But there are many others, including a hard-line approach to crime and drug abuse that has led to a doubling of the prison population in the last eight years, an enthusiastic embrace of the death penalty despite the overwhelming evidence that it kills innocent people and is racially discriminatory, an obsession with balanced budgets that has depended upon cuts in social spending, a foreign policy that was as militaristic and anti-humanitarian as that of its Republican predecessors while even more devoted to advancing the economic interests of Wall Street and corporate America, and an environmental record that was so bad as to prompt David Brower to conclude that “Gore and Clinton have done more to harm the environment than Reagan and Bush combined.”[2] Under Clinton and Gore, the Democrats also became far more adept at corporate fund-raising, significantly closing the gap with their Republican rivals. And not surprisingly, inequality continued to grow, despite the vaunted economic expansion of the 1990s.

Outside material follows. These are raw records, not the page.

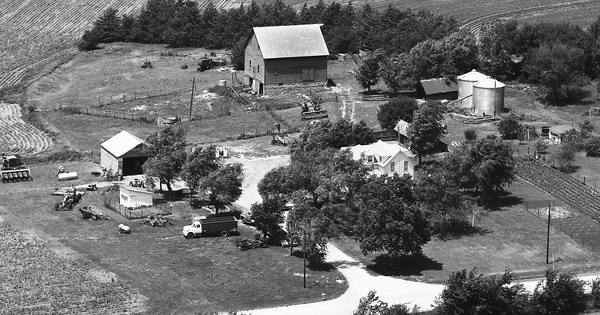 Vintage Aerial photo from 1977 in Nemaha County, KS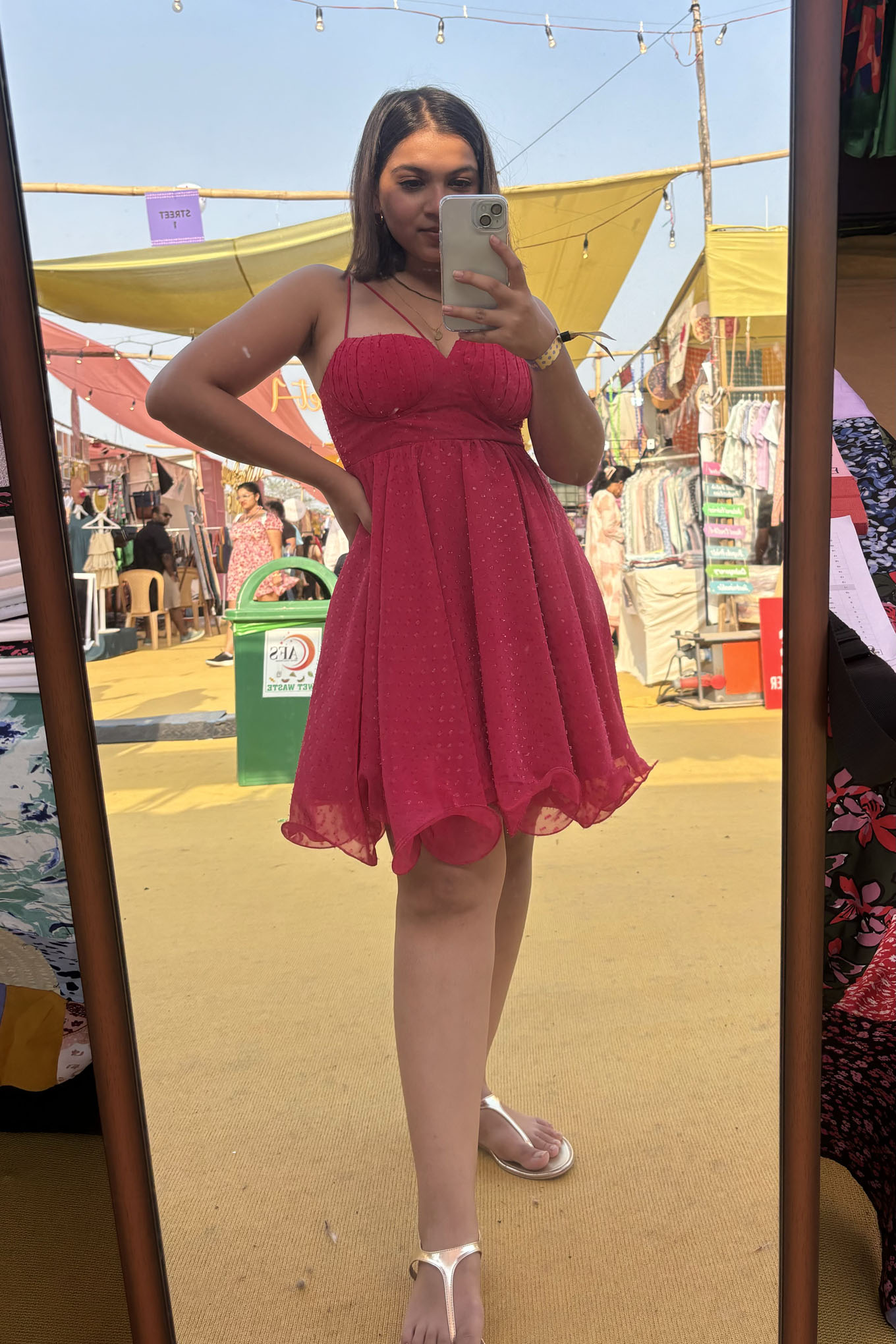 Pink Corsetry-inspired Short Dress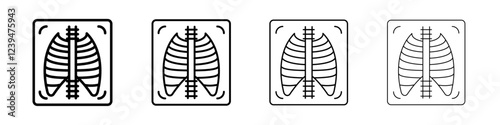 X-ray icon Flat illustration sign
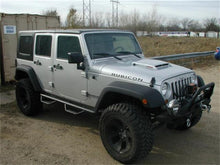 Load image into Gallery viewer, N-Fab Nerf Step 07-17 Jeep Wrangler JK 4 Door All - Tex. Black - W2W - 3in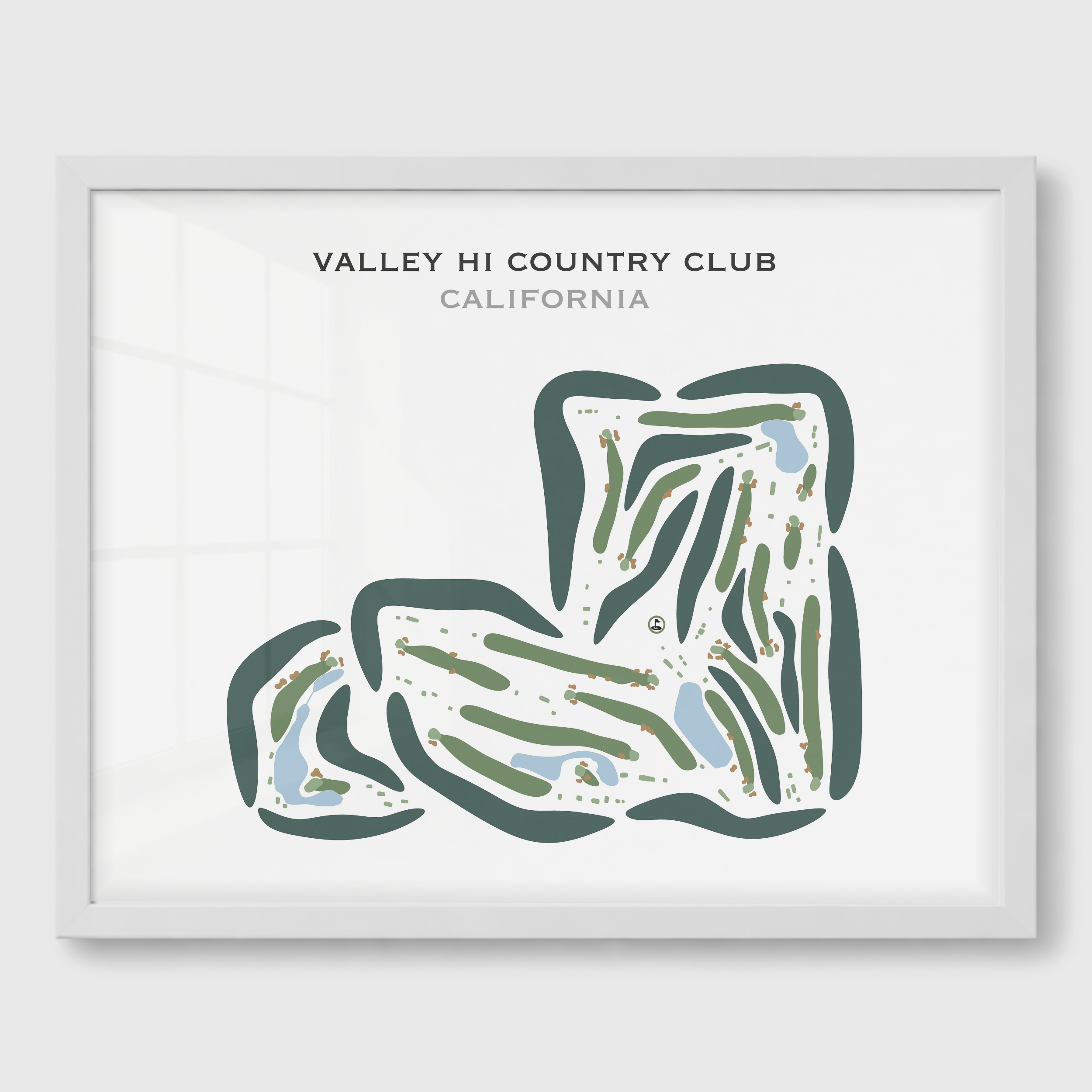 Valley Hi Country Club, California - Printed Golf Courses
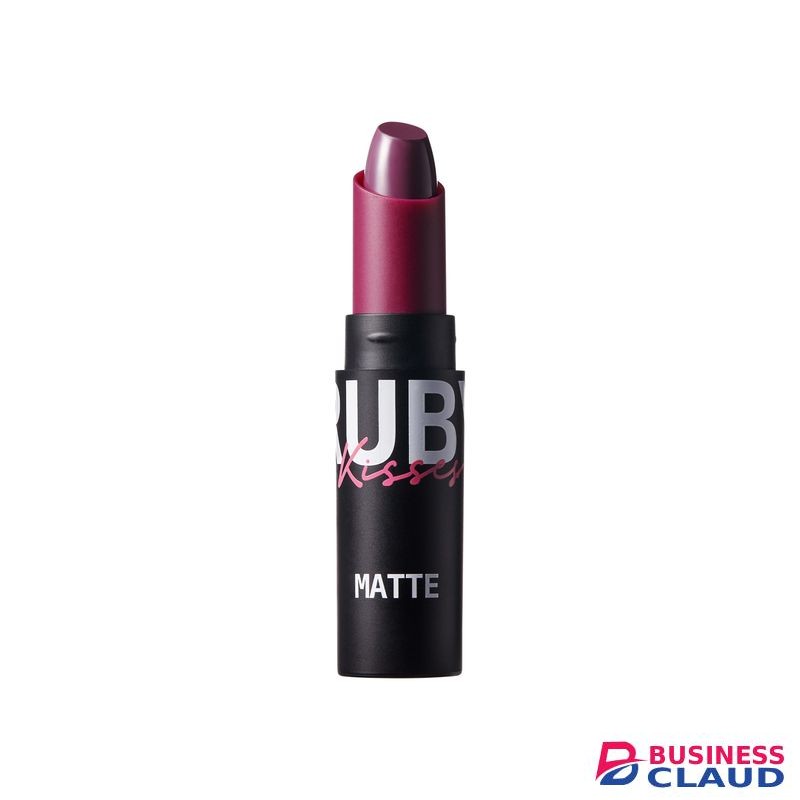 Ruby Kisses Mattest Matte Lipstick - Plum Wine.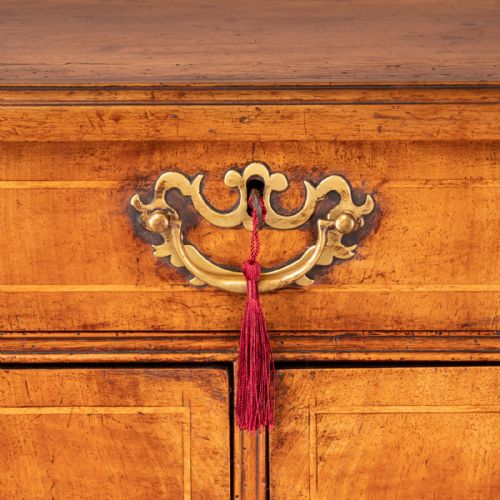 EARLY 18THC INLAID WALNUT CHEST OF DRAWERS - ADDITIONAL PHOTO 15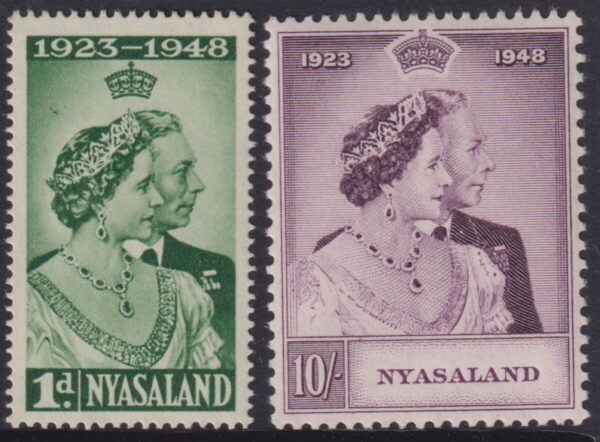 Nyasaland - 1948 Silver Wedding Set SG 161/62 MNH Cv £ 18 [E8129]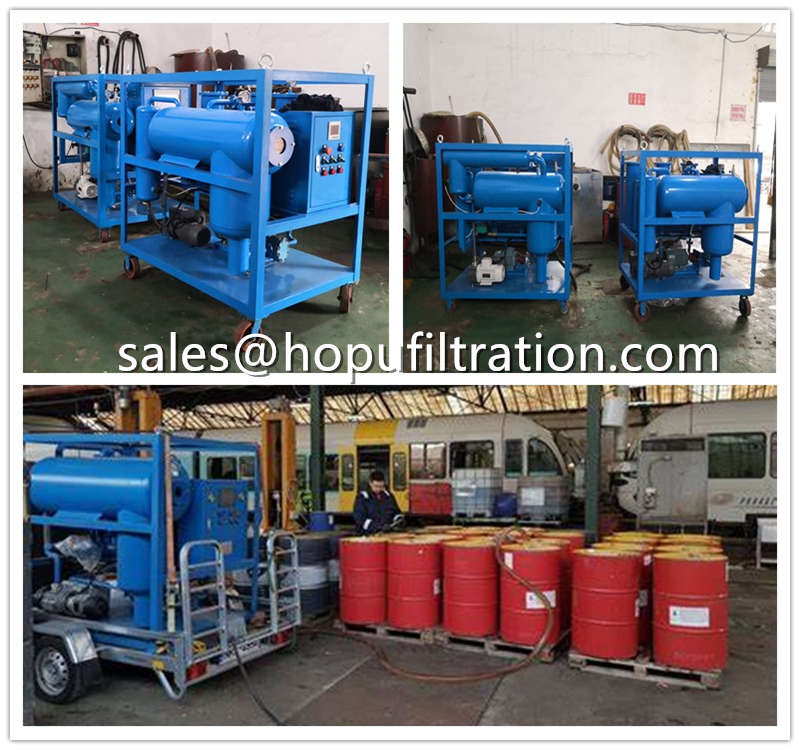 Horizontal Type Vacuum Transformer Oil Purifier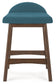 teal upholstered stool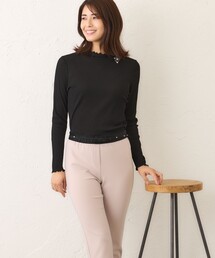 TO BE CHIC（トゥー ビー シック）の「シアーラメ カットソー（Tシャツ/カットソー）」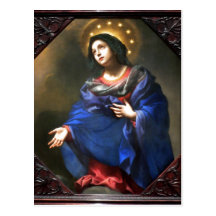 Carlo Dolci , Italy, 1616-1686 Madonna in Glory ,  Postcard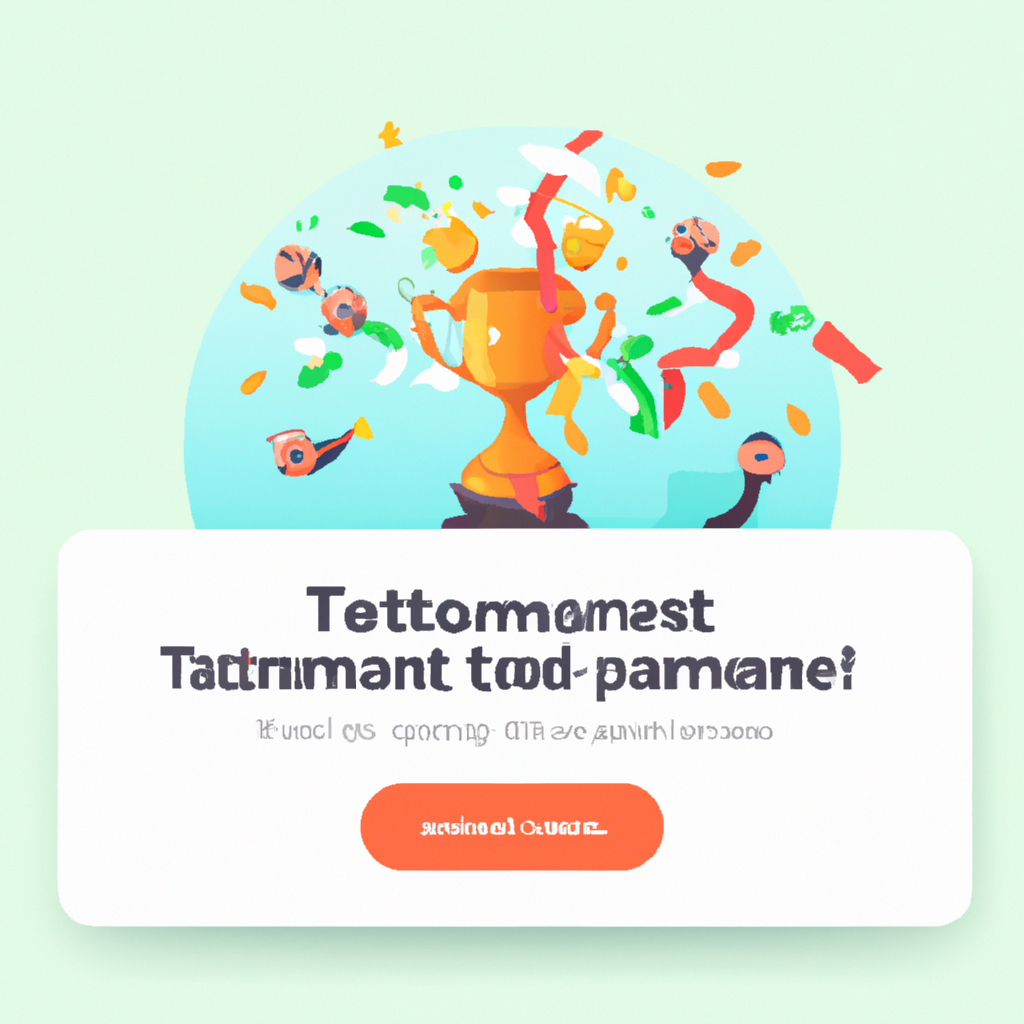 Gallery card: tournament final with spectators and confetti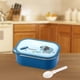 thumbnail image 2 of Caja Bento Aislada Contenedor de Alimentos Inoxidable 900ml Azul Gloria, 2 of 8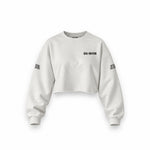 Sons Of Anarchy: Girl of Mayhem Oversize Crop Sweatshirt — Beyaz — Ön baskı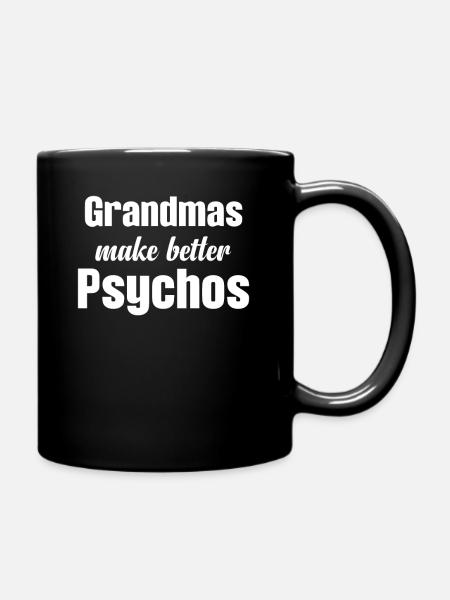 Omas Verbessern Das Gedächtnis Von Psychos, - Tasse einfarbig - Schwarz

The list is longer, but this should have been enough to produce outrage on the part of progressives. Such outrage, however, was in amazingly short supply. Nor was there much anger over the fact that there was a systematic effort to silence the one candidate who was attempting to draw attention to the administration’s abysmal record, Ralph Nader. Indeed, throughout most of the summer of 2000, Gore and his supporters worked hard to deny Nader a national forum. They were aided in this effort by the national media, which largely ignored him. To the degree that the media did cover his campaign, it was to portray him as a “spoiler,” never to report on the substance of his positions.[3] In the early fall, with Gore trailing in the polls, the media and the Democrats did begin to pay more attention to Nader, but only to vilify him as a destructive egotist and to insist that there was no alternative to “the Party.” Simultaneously, the distortion of the Democrats’ and Gore’s record reached new heights. Gore was consistently portrayed as a champion of civil rights, labor rights, women’s rights, the environment, and gay rights. Given Gore’s appalling record in all of these areas, this was a particularly cynical effort.[4] It was all the more cynical given the Gore supporters’ indignation over Nader’s supposed exaggeration of the similarities between Bush and Gore. In truth, Nader did exaggerate, but not by much and certainly far less than the Gore supporters in claiming a difference between the two candidates.

In their lionizing of Gore, his supporters somehow forgot about his 84% pro-life voting record, his steadfast support for free trade, his close ties to tobacco and oil companies and weapons manufacturers, his efforts to end affirmative action for federal contractors through his “reinventing government” program, his repeated betrayal of pledges to protect the environment, and his long history as a gay basher. Also forgotten was the fact that it was Gore who first race-baited Dukakis in the 1988 Democratic primaries with the Willie Horton story and who made it a personal mission to undermine the Jackson campaign in the 1988 New York primary. There was also little reaction when Gore openly bragged about his support for the death penalty, his key role in pushing through the 1996 Welfare Reform Bill, his unbending support for sanctions on Iraq and military aid to Colombia, or his call for an increase in defense spending twice that proposed by Bush. Nor was there much reaction when he chose Joseph Lieberman (one of the most conservative and pro-business members of the Senate) as his running mate and former Commerce Secretary William Daley (a leading figure in the administration’s effort to promote free trade) as his campaign chair person. And there was a deafening silence when Lieberman declared to the Wall Street Journal that big business need not worry about the semi-populist elements of Gore’s convention speech, since it was simply rhetoric designed to win votes.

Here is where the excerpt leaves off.